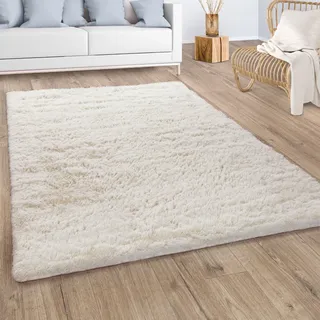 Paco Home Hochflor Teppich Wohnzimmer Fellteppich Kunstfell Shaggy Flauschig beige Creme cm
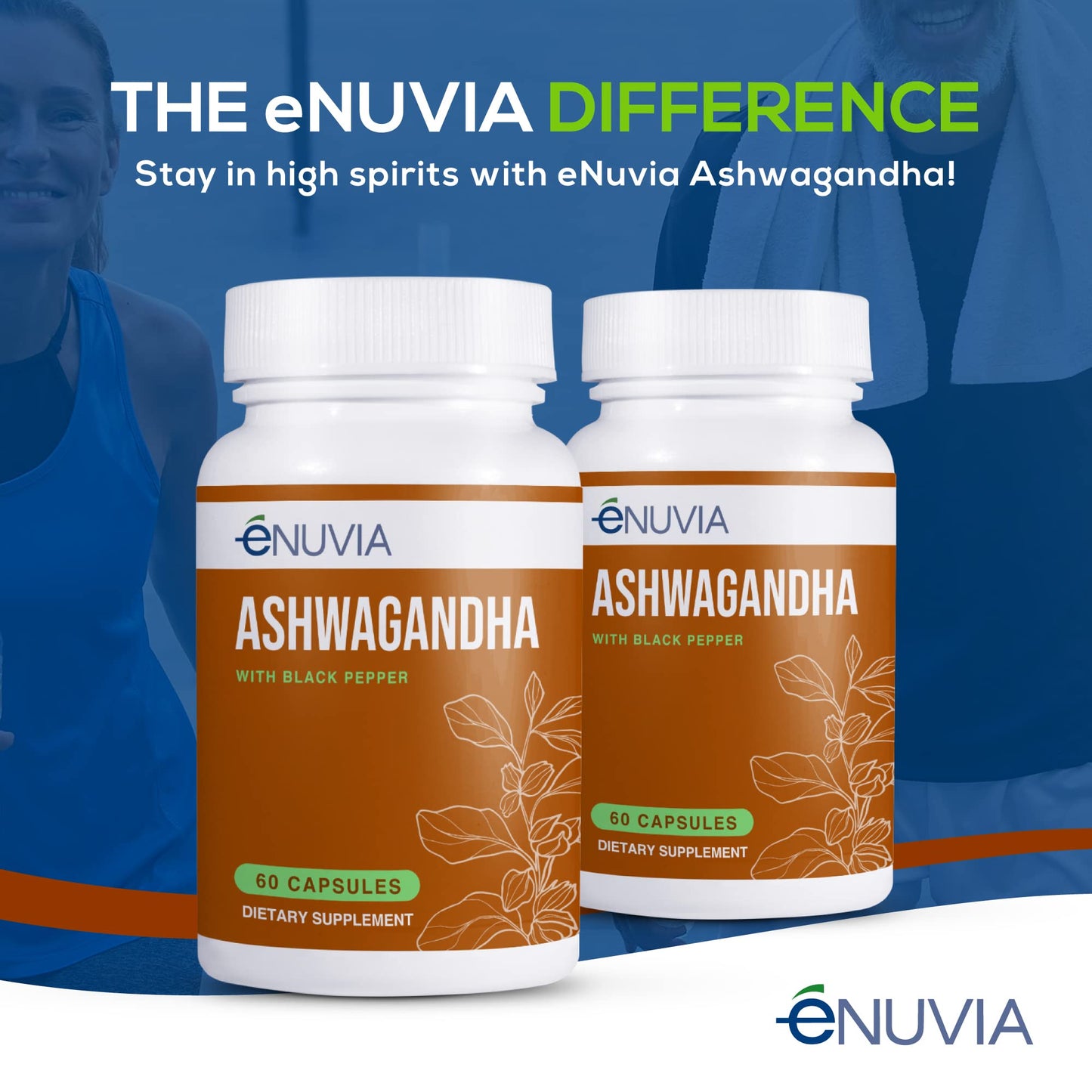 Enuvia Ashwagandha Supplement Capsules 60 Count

--

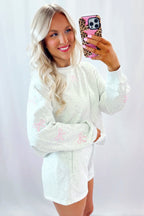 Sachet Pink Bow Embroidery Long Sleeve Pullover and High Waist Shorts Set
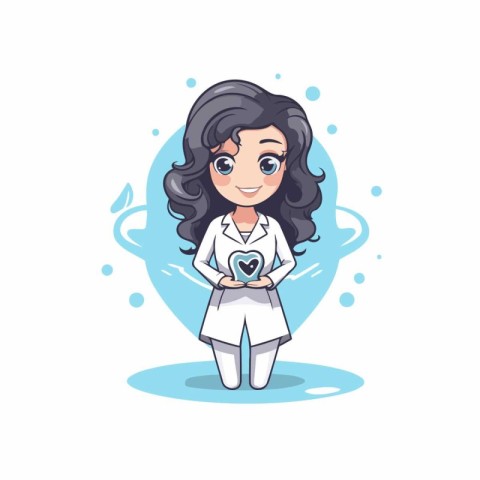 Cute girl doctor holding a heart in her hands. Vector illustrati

DESCRIPTION OF THE TASK: Give again, exactly as written above, each line from the one that has "Sachet Pink Bow" to the one that has "Cute girl doctor", both included; omit the pictures.

RESPONSE TO THE TASK:
 Sachet Pink Bow Embroidery Long Sleeve Pullover and High Waist Shorts Set
 Cute girl doctor holding a heart in her hands. Vector illustrati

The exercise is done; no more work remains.